§ What you are asked to do
Go through the entries below from the first line and transcribe each one exactly, ending with the line that contains "Sítio, 2 quartos, 6176 m² - Foto 39".

Dataset items

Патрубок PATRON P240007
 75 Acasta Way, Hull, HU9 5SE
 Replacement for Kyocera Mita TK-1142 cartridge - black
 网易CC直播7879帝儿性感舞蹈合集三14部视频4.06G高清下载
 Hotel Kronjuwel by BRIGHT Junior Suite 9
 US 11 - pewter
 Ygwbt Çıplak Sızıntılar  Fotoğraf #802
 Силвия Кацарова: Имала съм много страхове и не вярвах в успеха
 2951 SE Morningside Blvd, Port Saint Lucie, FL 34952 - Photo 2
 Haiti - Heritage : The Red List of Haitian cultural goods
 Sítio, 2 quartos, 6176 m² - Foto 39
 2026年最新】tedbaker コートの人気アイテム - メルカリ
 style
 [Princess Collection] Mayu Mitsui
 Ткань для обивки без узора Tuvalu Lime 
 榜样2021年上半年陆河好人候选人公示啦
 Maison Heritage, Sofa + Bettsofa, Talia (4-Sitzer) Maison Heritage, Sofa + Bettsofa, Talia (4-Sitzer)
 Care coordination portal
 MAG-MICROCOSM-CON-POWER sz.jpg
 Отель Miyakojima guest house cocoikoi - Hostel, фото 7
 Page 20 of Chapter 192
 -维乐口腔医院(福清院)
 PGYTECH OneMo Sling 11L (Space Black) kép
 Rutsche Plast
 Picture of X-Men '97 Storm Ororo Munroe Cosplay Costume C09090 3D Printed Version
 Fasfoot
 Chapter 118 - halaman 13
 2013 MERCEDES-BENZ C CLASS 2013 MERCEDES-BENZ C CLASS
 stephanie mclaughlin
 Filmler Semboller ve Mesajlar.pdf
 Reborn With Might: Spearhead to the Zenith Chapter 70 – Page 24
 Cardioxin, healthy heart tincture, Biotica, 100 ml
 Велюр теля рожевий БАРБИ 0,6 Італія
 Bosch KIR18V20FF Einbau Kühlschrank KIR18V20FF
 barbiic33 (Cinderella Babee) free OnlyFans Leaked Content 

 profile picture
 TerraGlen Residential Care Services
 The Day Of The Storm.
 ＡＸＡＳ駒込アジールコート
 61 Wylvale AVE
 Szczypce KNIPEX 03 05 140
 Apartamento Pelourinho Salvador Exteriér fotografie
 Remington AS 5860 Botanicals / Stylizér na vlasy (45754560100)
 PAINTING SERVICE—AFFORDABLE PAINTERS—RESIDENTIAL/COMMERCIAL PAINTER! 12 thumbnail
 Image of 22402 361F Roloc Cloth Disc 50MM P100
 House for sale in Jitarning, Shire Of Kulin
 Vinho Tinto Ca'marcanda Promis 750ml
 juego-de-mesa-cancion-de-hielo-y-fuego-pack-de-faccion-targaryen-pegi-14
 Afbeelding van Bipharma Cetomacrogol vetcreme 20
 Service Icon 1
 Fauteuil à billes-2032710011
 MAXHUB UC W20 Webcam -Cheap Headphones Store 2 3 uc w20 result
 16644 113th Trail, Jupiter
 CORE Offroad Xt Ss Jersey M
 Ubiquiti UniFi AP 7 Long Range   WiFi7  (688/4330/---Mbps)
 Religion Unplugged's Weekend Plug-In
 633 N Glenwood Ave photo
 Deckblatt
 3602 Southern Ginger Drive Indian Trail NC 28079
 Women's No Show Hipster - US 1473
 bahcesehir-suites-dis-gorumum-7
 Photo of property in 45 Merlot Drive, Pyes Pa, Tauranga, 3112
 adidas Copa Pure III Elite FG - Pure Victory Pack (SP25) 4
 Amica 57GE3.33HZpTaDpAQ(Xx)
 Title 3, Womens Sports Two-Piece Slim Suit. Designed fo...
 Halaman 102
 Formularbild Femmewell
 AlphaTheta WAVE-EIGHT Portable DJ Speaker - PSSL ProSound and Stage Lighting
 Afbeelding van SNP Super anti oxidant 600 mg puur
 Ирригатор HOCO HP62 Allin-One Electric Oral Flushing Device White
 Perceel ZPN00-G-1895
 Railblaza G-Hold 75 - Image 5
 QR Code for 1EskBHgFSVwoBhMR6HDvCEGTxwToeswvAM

§ Expected answer
Патрубок PATRON P240007
 75 Acasta Way, Hull, HU9 5SE
 Replacement for Kyocera Mita TK-1142 cartridge - black
 网易CC直播7879帝儿性感舞蹈合集三14部视频4.06G高清下载
 Hotel Kronjuwel by BRIGHT Junior Suite 9
 US 11 - pewter
 Ygwbt Çıplak Sızıntılar  Fotoğraf #802
 Силвия Кацарова: Имала съм много страхове и не вярвах в успеха
 2951 SE Morningside Blvd, Port Saint Lucie, FL 34952 - Photo 2
 Haiti - Heritage : The Red List of Haitian cultural goods
 Sítio, 2 quartos, 6176 m² - Foto 39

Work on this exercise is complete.